▶ _DATASET RECORDS_
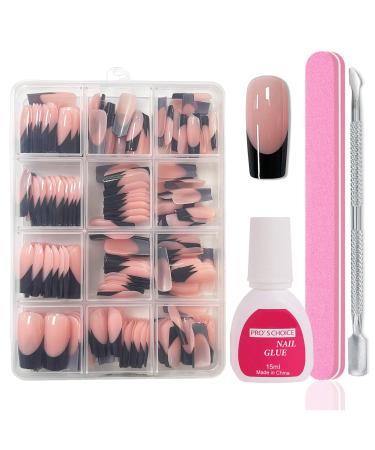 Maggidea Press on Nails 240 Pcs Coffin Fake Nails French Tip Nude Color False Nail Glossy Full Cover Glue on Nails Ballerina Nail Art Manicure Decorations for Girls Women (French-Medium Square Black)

==

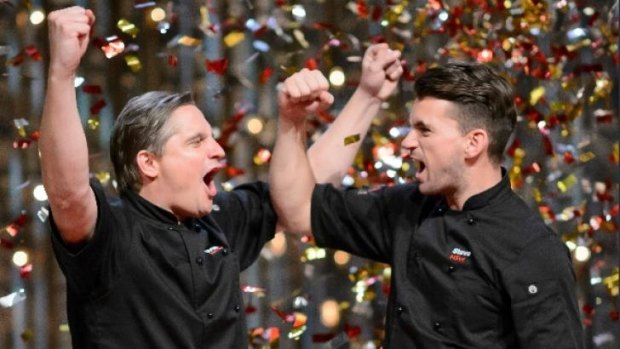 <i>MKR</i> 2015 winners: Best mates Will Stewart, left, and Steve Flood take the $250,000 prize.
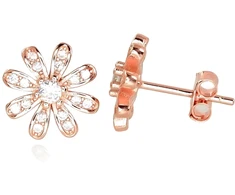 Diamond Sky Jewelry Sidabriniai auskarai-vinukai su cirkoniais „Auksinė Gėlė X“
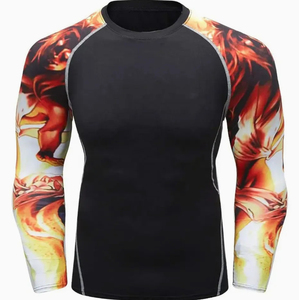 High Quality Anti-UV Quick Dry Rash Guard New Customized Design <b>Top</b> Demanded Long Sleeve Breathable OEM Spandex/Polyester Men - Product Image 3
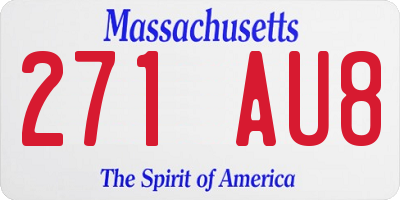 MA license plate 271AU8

▶ _EXERCISE OBJECTIVE_
Only one stretch of the entries above is needed: the lines from the one containing "Diamond Sky Jewelry" through the one containing "MA license plate 271AU8". Copy it exactly, without the pictures.

▶ _RESPONSE_
 Diamond Sky Jewelry Sidabriniai auskarai-vinukai su cirkoniais „Auksinė Gėlė X“
 High Quality Anti-UV Quick Dry Rash Guard New Customized Design <b>Top</b> Demanded Long Sleeve Breathable OEM Spandex/Polyester Men - Product Image 3
 MA license plate 271AU8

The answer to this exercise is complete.